Create an APM anomaly rule
Get alerts when either the latency, throughput, or failed transaction rate of a service is abnormal.
Required role
The Editor role or higher is required to create anomaly rules. To learn more, refer to Assign user roles and privileges.
You can create an anomaly rule to alert you when either the latency, throughput, or failed transaction rate of a service is abnormal. Anomaly rules can be set at different levels: environment, service, and/or transaction type. Add actions to raise alerts via services or third-party integrations (for example, send an email or create a Jira issue).
Tip
These steps show how to use the Alerts UI. You can also create an anomaly rule directly from any page within Applications. Click the Alerts and rules button, and select Create anomaly rule. When you create a rule this way, the Name and Tags fields will be prepopulated but you can still change these.
To create your anomaly rule:
- In your Observability project, go to Alerts.
- Select Manage Rules from the Alerts page, and select Create rule.
- Enter a Name for your rule, and any optional Tags for more granular reporting (leave blank if unsure).
- Select the APM Anomaly rule type.
- Select the appropriate Service, Type, and Environment (or leave ALL to include all options).
- Select the desired severity (critical, major, minor, warning) from Has anomaly with severity.
- Define the interval to check the rule (for example, check every 1 minute).
- (Optional) Set up Actions.
- Save your rule.
Add actions
You can extend your rules with actions that interact with third-party systems, write to logs or indices, or send user notifications. You can add an action to a rule at any time. You can create rules without adding actions, and you can also define multiple actions for a single rule.
To add actions to rules, you must first create a connector for that service (for example, an email or external incident management system), which you can then use for different rules, each with their own action frequency.
Connectors provide a central place to store connection information for services and integrations with third party systems.
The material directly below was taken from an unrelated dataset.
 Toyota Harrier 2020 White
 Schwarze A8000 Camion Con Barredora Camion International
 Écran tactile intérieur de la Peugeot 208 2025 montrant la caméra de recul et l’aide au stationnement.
The following connectors are available when defining actions for alerting rules:
- D3 Security
- IBM Resilient
- Index
- Jira
- Microsoft Teams
- Opsgenie
- PagerDuty
- Server log
- ServiceNow ITOM
- ServiceNow ITSM
- ServiceNow SecOps
- Slack
- Swimlane
- Torq
- Webhook
- xMatters
Note
Some connector types are paid commercial features, while others are free. For a comparison of the Elastic subscription levels, go to the subscription page.
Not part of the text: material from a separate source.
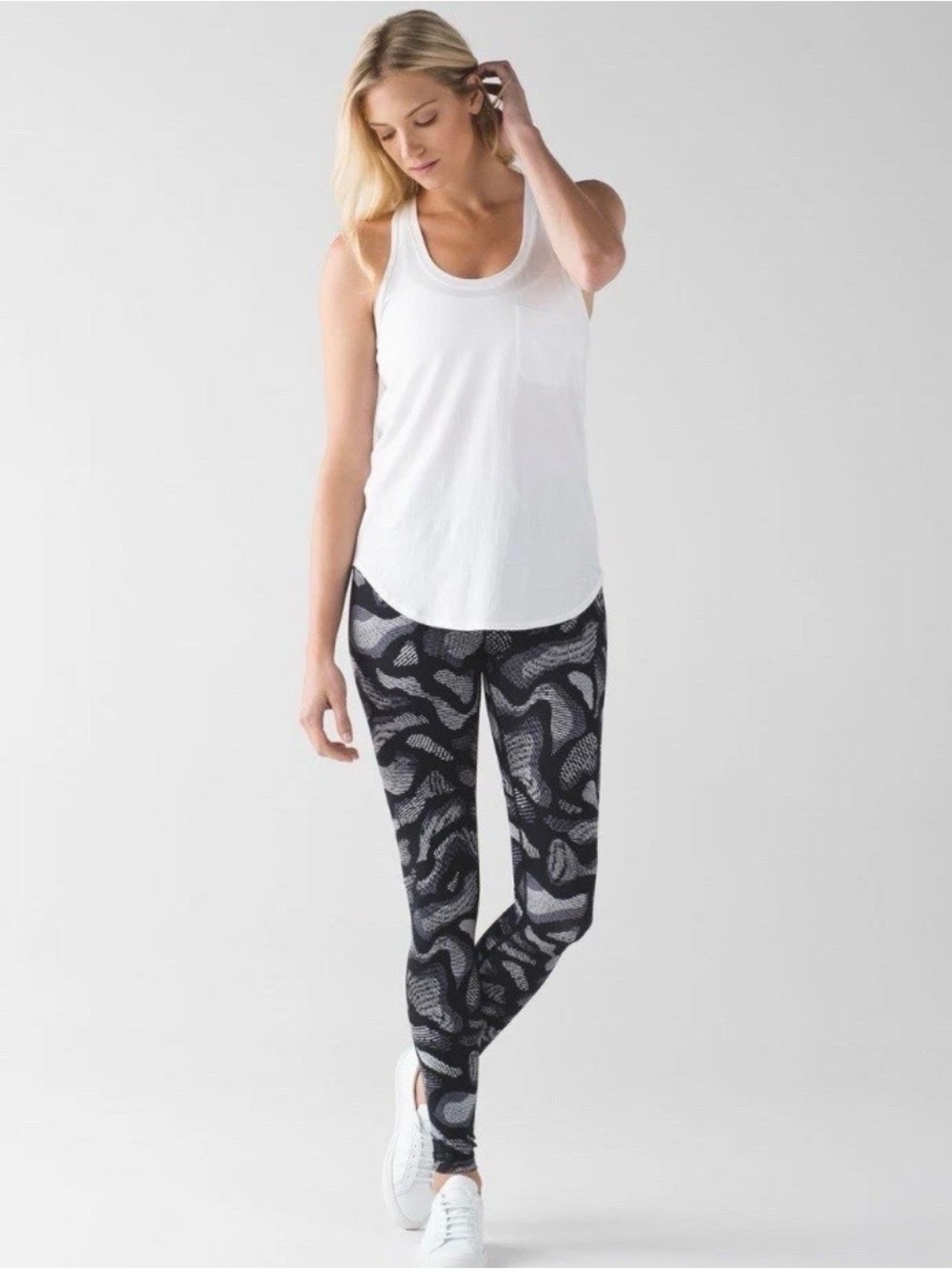 960. Lululemon Wunder Under High-Rise Pants in the "Warp Ice Grey Black" pattern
For more information on creating connectors, refer to Connectors.
After you select a connector, you must set the action frequency. You can choose to create a Summary of alerts on each check interval or on a custom interval. For example, you can send email notifications that summarize the new, ongoing, and recovered alerts every twelve hours.
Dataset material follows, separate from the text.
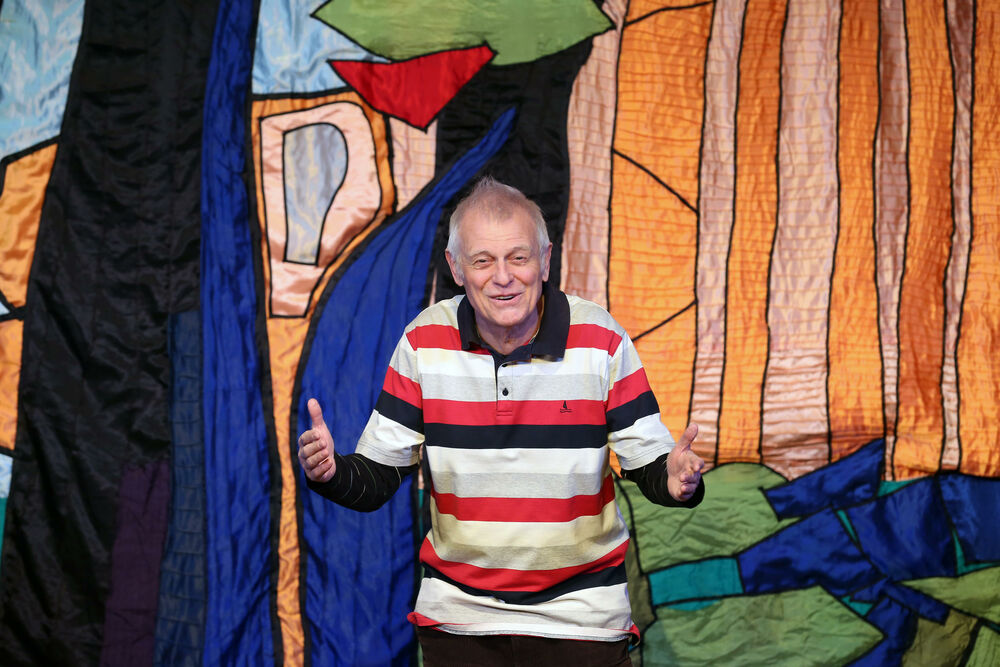  Branko i njegova supruga osnovali su  Pozorište Puž, a Caca je je bila prvi direktor ustanove sve do 2005. godine i u kome je radila do svoje smrti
Alternatively, you can set the action frequency to For each alert and specify the conditions each alert must meet for the action to run. For example, you can send an email only when the alert status changes to critical.
With the Run when menu you can choose if an action runs when the threshold for an alert is reached, or when the alert is recovered. For example, you can add a corresponding action for each state to ensure you are alerted when the rule is triggered and also when it recovers.
Use the default notification message or customize it. You can add more context to the message by clicking the Add variable icon and selecting from a list of available variables.
The following variables are specific to this rule type. You can also specify variables common to all rules.
context.alertDetailsUrl
Link to the alert troubleshooting view for further context and details. This will be an empty string if the
server.publicBaseUrl
is not configured.context.environment
The transaction type the alert is created for.
context.reason
A concise description of the reason for the alert.
context.serviceName
The service the alert is created for.
context.threshold
Any trigger value above this value will cause the alert to fire.
context.transactionType
The transaction type the alert is created for.
context.triggerValue
The value that breached the threshold and triggered the alert.
context.viewInAppUrl
Link to the alert source.